» THE PROBLEM
Retype every record that follows, character for character.

** SOURCE MATERIAL follows **

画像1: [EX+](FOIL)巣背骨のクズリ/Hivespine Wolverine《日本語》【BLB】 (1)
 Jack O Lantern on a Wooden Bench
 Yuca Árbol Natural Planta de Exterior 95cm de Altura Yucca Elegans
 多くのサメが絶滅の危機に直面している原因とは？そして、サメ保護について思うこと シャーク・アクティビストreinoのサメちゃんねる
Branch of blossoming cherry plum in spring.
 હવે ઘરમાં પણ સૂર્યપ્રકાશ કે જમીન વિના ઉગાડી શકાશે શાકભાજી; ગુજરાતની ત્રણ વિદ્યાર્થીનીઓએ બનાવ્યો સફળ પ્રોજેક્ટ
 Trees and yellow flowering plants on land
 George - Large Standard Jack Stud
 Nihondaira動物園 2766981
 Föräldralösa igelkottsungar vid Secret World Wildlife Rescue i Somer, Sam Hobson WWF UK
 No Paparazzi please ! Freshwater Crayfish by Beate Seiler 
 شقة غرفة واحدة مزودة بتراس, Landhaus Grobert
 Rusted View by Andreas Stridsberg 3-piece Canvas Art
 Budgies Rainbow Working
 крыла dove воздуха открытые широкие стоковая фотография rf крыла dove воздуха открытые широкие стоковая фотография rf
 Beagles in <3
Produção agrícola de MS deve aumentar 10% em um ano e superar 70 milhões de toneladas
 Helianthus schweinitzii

** End of SOURCE MATERIAL **

» TASK ANSWER
画像1: [EX+](FOIL)巣背骨のクズリ/Hivespine Wolverine《日本語》【BLB】 (1)
 Jack O Lantern on a Wooden Bench
 Yuca Árbol Natural Planta de Exterior 95cm de Altura Yucca Elegans
 多くのサメが絶滅の危機に直面している原因とは？そして、サメ保護について思うこと シャーク・アクティビストreinoのサメちゃんねる
Branch of blossoming cherry plum in spring.
 હવે ઘરમાં પણ સૂર્યપ્રકાશ કે જમીન વિના ઉગાડી શકાશે શાકભાજી; ગુજરાતની ત્રણ વિદ્યાર્થીનીઓએ બનાવ્યો સફળ પ્રોજેક્ટ
 Trees and yellow flowering plants on land
 George - Large Standard Jack Stud
 Nihondaira動物園 2766981
 Föräldralösa igelkottsungar vid Secret World Wildlife Rescue i Somer, Sam Hobson WWF UK
 No Paparazzi please ! Freshwater Crayfish by Beate Seiler 
 شقة غرفة واحدة مزودة بتراس, Landhaus Grobert
 Rusted View by Andreas Stridsberg 3-piece Canvas Art
 Budgies Rainbow Working
 крыла dove воздуха открытые широкие стоковая фотография rf крыла dove воздуха открытые широкие стоковая фотография rf
 Beagles in <3
Produção agrícola de MS deve aumentar 10% em um ano e superar 70 milhões de toneladas
 Helianthus schweinitzii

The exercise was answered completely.